Search the material for the word "Honda" and report each line where it turns up.
MATERIAL TO PROCESS Block Start
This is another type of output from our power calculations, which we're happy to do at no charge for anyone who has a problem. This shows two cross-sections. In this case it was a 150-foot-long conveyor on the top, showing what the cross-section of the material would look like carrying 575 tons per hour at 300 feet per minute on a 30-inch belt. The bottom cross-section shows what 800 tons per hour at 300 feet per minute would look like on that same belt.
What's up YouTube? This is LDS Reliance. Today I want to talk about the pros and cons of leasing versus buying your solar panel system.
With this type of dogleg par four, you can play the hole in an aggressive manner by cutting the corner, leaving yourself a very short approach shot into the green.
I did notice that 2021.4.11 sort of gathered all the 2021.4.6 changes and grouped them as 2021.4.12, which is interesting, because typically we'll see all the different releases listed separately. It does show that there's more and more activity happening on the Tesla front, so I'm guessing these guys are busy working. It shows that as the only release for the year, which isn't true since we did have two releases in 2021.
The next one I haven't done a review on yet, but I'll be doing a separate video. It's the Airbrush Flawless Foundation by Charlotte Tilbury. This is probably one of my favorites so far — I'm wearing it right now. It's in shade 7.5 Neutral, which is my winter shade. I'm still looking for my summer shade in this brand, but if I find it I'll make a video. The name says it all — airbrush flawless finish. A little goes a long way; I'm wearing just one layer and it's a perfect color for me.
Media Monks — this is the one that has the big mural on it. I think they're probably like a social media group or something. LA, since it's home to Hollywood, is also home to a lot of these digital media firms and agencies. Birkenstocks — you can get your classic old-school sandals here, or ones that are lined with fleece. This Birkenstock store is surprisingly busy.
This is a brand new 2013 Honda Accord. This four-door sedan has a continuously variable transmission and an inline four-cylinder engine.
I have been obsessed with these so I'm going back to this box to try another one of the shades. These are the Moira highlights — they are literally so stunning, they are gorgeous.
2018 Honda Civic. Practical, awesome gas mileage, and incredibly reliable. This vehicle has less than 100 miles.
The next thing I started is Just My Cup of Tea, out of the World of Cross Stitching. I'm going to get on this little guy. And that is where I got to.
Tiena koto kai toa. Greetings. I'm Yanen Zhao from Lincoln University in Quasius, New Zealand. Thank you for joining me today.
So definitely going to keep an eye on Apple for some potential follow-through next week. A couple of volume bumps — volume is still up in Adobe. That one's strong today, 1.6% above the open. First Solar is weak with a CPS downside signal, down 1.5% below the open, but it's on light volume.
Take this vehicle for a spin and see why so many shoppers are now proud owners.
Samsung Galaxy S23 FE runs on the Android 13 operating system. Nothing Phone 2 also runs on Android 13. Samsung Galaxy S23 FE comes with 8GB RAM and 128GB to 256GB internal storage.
MATERIAL TO PROCESS Block End
→ **ANSWER TO THE EXERCISE**
This is a brand new 2013 Honda Accord. This four-door sedan has a continuously variable transmission and an inline four-cylinder engine.
2018 Honda Civic. Practical, awesome gas mileage, and incredibly reliable. This vehicle has less than 100 miles.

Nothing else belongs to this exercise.